Absolutely; will propose.

> > 23) Example 44: This introduces ‘active speaker detection’, but doesn’t
> explain what this is (or reference an explanation), I think.
> >
> > It is what it says on the can, and is a common feature of media servers.
> Alright. I feel a bit uncomfortable introducing terms that I wouldn’t
> expect a typical XEP implementor to understand, but maybe it’s alright in
> this case.

I highly doubt a "typical XEP implementor" would be interested in
implementing a fully compliant Rayo server unless they were also a member
of the set of people who had heard that term before. See later points for

> > 24) "Once the last participant unjoins from the mixer, the mixer SHOULD
> be destroyed.” - in what scenarios would it be appropriate not to? Should
> this be discussed?
> >
> > I have nothing to say here. If someone does, I'd love to hear it :)
> I think how I phrased my question was a bit obscure. You used ‘SHOULD be
> destroyed’ - the use of SHOULD instead of MUST implies that there can be
> scenarios in which it is not appropriate to do it. As these scenarios
> aren’t self-evident it seems likely that this should either be a MUST, or
> some guidance on how a client would deal with it, and why a server would
> choose to do it might be appropriate.

In the absence of any good reasons to allow this flexibility (punting on
the decision not being one), I will make it MUST.
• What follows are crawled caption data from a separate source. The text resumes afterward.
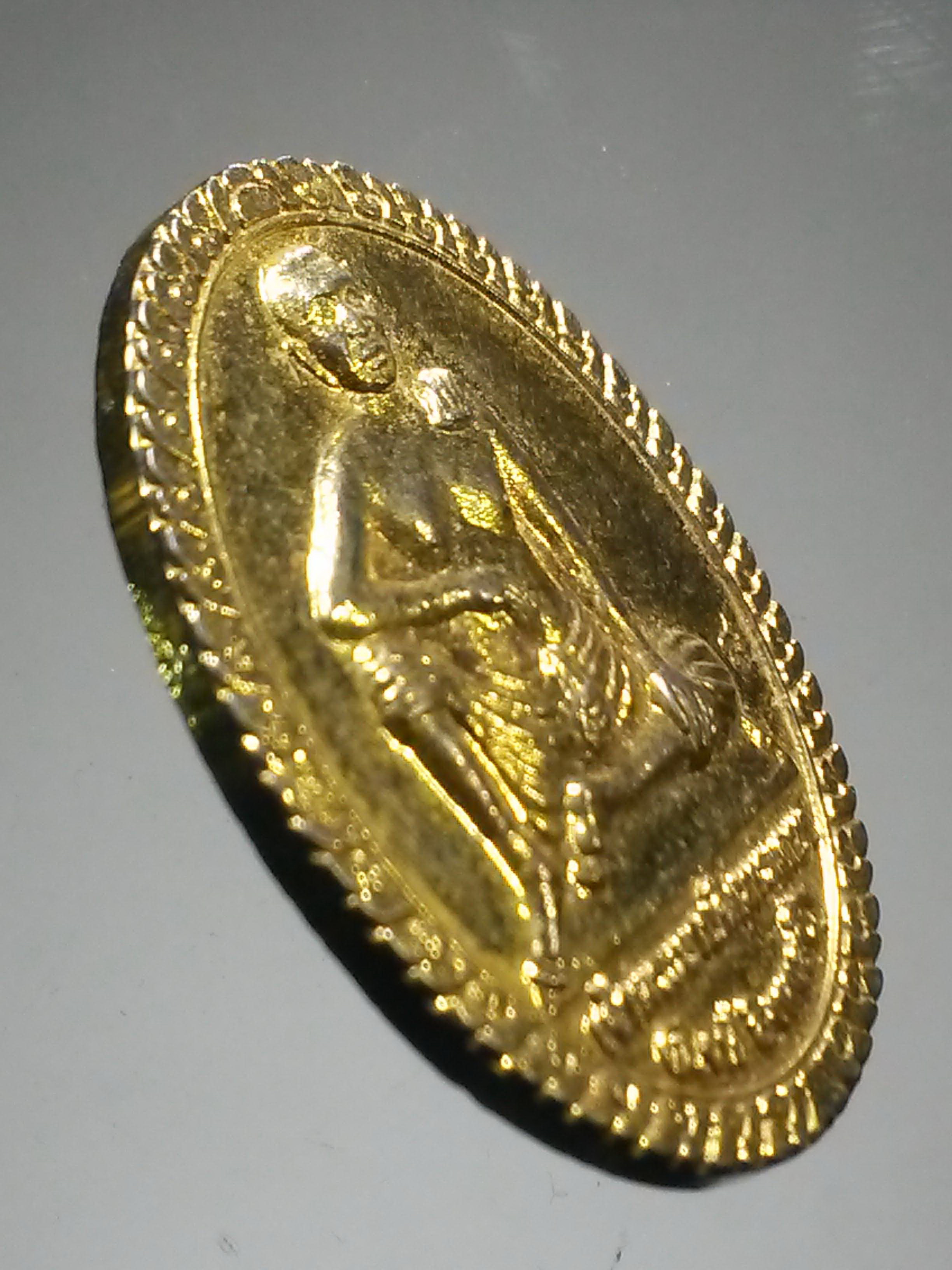 รหัสสินค้า พระมหากษัตริย์ และบุคคลสำคัญ 196 เหรียญกะไหล่ทอง เจ้าพระยาบดินทรเดชา สิงห์ สิงหเสนี วัดชัยชนะสงคราม วัดตึก เขตสัมพันธวงศ์ กรุงเทพฯ สร้างปี 2556 พระรายการนี้ให้เช่าบูชาเเล้ว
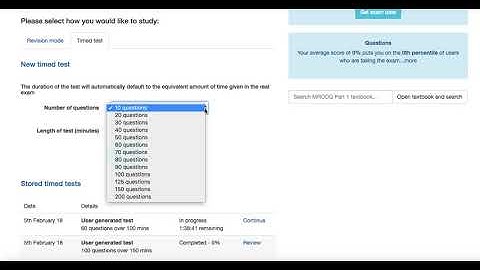 passmrcog video timed test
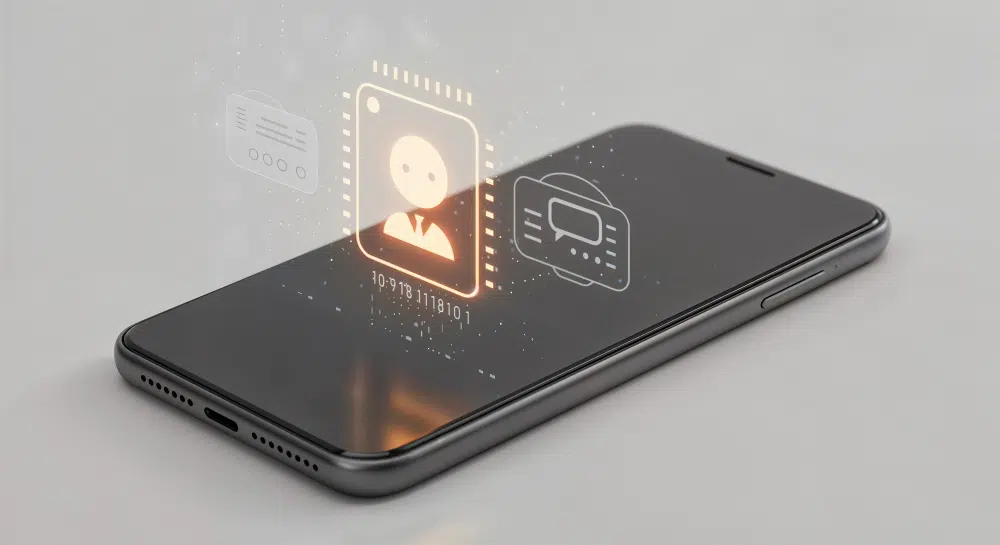 Nouvelle carte SIM esim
> > 25) 6.5 "A server SHOULD implement all core components” - what are the
> implications for clients if the server doesn’t implement some of these?
> >
> > They would receive a feature-not-implemented error attempting to execute
> these components, and it would limit the variety of applications that could
> be implemented on such a server.
> How would a client discover which were supported before it attempts them?
> Is there a potential interop issue if a server doesn’t implement the
> components that a client expects?

Yes. For example, if the core purpose of your application is to record
calls but the Rayo server does not implement the Record component, then the
best case scenario is that your application is quietly useless.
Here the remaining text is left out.